Les équipements du territoire ont été massifs et les tarifs n'avaient pas pour objet la réalisation de profits. L'objectif était de mutualiser, de maintenir, de développer et de moderniser des réseaux et des centrales, lesquels, pour l'électricité tout au moins, ont permis à notre pays d'atteindre une forme d'indépendance énergétique.
L'existence du tarif déterminé par la puissance publique est partie intégrante du service public et garantissait la fourniture d'une énergie électrique à un prix stable et déconnecté des hausses successives du cours du pétrole.
Pourtant, la Commission européenne demeure inflexible sur son entreprise de libéralisation. Elle continue de vouloir démanteler les systèmes existants. Mais nous ne voyons vraiment pas pourquoi il faudrait caler les prix français sur un prix de marché dénué de fondement économique.
Le marché, fondé sur les coûts de production de la centrale la moins performante, a conduit à une augmentation de 117 % du prix du mégawattheure entre 2002 et 2007 ! Cela ne doit en aucun cas servir de modèle à la fixation des prix de l'électricité.
Au fond, l'action en manquement engagée contre notre pays n'est pas si étonnante : la Commission européenne veut supprimer toutes les spécificités nationales et ne fait donc que poursuivre dans sa quête du Graal.

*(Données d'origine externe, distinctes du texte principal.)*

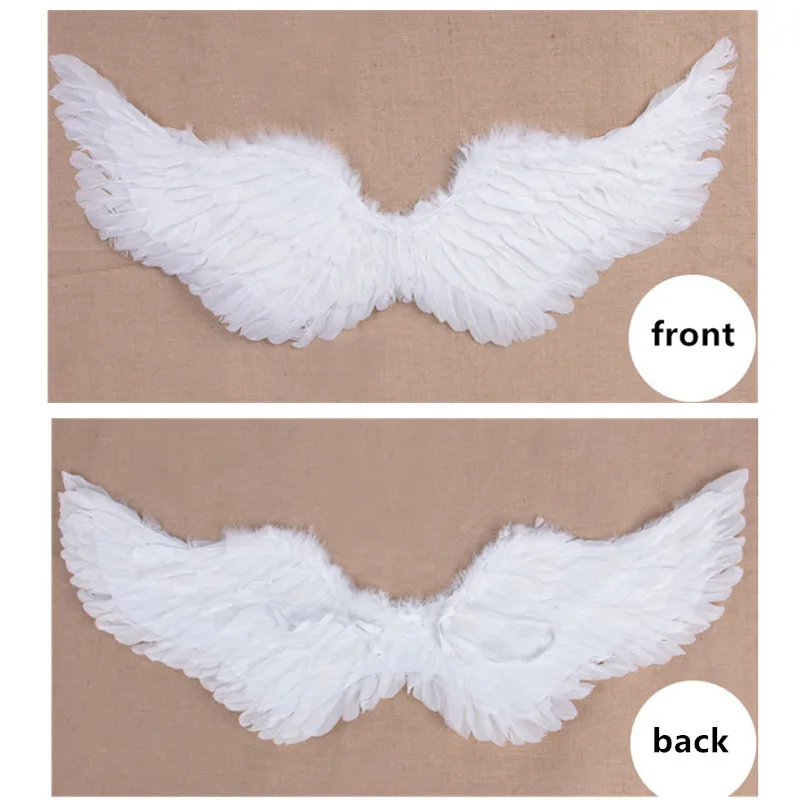 Angel Wings White Feathers Flying Swallow Performed Halloween Props Bride Flower Girl Dressed Up Cosplay Anime Costumes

En revanche, la position de la droite parlementaire française, monsieur le secrétaire d'État, est plus délicate. Partagée entre les défenseurs de l'action gaulliste d'après-guerre, qui restent attachés à l'indépendance de la France, et les promoteurs du dogme libéral, qui n'admettent qu'un État réduit aux missions régaliennes dans un marché mondial, elle se réfugie derrière le paravent de l'Europe pour retomber sur ses pieds.
Aujourd'hui, la dérégulation en cours pourrait, avec la complicité du Parlement, permettre à des sociétés dont l'objectif est et reste de faire de l'argent, d'utiliser nos investissements lourds à leur avantage, d'affaiblir les grands groupes traditionnels et de rendre leur clientèle captive.
Or cela pose problème - vous le savez bien, chers collègues ! Ces sociétés utiliseront sans vergogne le fruit des efforts considérables effectués par les générations passées de contribuables, qui ont constitué un parc structurant capable de répondre à nos besoins, tout en obérant l'approvisionnement à long terme des générations futures.
Au passage, est-il besoin de rappeler les dégâts que cette situation cause aux grands groupes historiques ?
Les concurrents d'Électricité de France demandent un droit de tirage sur le parc de l'acteur public à un prix inférieur au tarif - nous l'avons constaté encore ces derniers jours !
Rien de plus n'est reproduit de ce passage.